Within the entries below, find each line containing the word "Gold" and copy it.
########################################
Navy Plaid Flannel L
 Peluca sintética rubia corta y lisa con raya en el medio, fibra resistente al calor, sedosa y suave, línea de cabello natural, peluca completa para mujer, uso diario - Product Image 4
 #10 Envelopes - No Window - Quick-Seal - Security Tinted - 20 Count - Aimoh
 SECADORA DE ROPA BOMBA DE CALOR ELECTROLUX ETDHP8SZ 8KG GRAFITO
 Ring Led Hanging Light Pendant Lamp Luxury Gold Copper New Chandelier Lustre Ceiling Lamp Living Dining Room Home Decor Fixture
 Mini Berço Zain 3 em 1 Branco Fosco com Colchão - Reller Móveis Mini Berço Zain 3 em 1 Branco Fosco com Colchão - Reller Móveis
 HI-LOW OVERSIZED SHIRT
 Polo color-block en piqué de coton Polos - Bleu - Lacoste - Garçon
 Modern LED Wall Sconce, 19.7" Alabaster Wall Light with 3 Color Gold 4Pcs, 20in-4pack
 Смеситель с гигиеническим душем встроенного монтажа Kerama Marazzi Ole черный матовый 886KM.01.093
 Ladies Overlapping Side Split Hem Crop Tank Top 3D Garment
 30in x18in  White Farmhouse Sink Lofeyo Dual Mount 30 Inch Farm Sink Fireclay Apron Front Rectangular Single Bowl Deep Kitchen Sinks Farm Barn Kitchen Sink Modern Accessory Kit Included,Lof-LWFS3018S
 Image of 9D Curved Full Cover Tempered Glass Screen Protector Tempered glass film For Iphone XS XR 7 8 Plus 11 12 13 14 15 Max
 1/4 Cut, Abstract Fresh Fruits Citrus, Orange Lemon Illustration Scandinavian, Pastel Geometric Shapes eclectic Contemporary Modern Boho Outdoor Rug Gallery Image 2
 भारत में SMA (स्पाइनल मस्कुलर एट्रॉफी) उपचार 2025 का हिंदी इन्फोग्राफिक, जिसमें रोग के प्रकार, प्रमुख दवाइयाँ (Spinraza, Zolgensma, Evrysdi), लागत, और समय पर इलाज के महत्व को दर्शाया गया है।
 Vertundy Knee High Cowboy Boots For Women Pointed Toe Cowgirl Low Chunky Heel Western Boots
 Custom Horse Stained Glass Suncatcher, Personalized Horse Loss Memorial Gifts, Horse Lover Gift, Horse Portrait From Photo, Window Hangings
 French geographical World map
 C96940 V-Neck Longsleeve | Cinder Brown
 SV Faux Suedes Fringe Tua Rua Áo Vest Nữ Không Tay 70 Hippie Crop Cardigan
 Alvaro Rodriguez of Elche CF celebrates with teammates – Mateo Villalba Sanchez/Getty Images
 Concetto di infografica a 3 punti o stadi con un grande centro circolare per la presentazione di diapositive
########################################
OUTPUT
 Ring Led Hanging Light Pendant Lamp Luxury Gold Copper New Chandelier Lustre Ceiling Lamp Living Dining Room Home Decor Fixture
 Modern LED Wall Sconce, 19.7" Alabaster Wall Light with 3 Color Gold 4Pcs, 20in-4pack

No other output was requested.